[Dataset records]

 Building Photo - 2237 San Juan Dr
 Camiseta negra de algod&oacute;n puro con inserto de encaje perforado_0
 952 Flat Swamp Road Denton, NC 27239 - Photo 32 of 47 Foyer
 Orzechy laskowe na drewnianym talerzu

[/Dataset records]
[Dataset records]

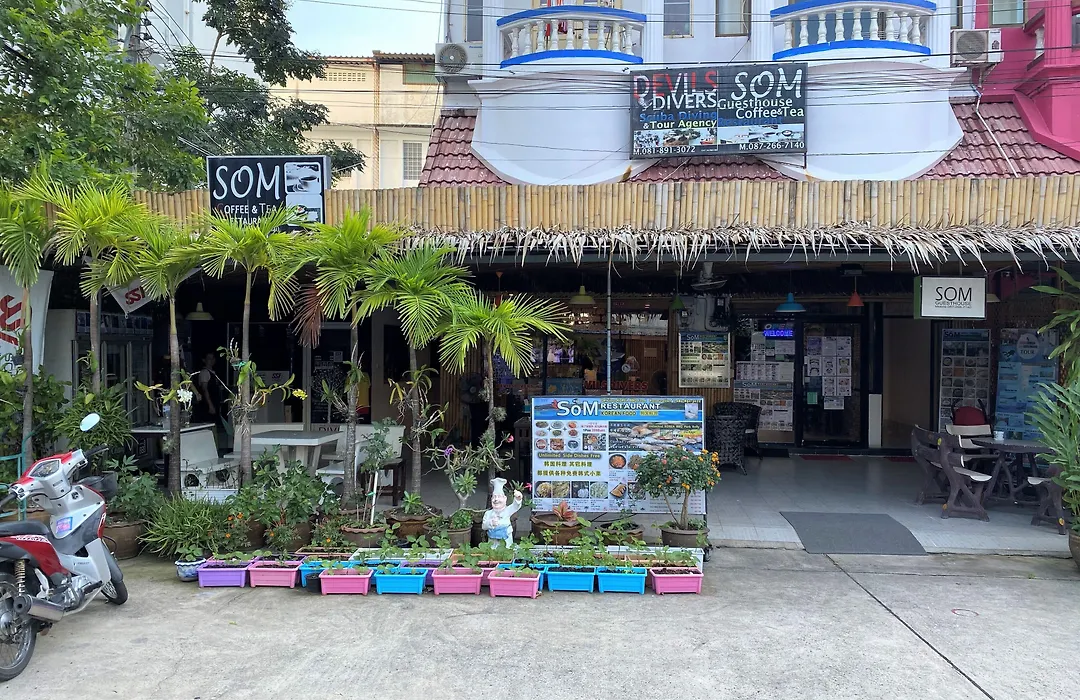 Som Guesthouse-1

[/Dataset records]

Aim of the task » All that is wanted is a faithful reproduction of the line above with "952 Flat Swamp", the line with "Orzechy laskowe na drewnianym talerzu", and every line in between.

Answer »
 952 Flat Swamp Road Denton, NC 27239 - Photo 32 of 47 Foyer
 Orzechy laskowe na drewnianym talerzu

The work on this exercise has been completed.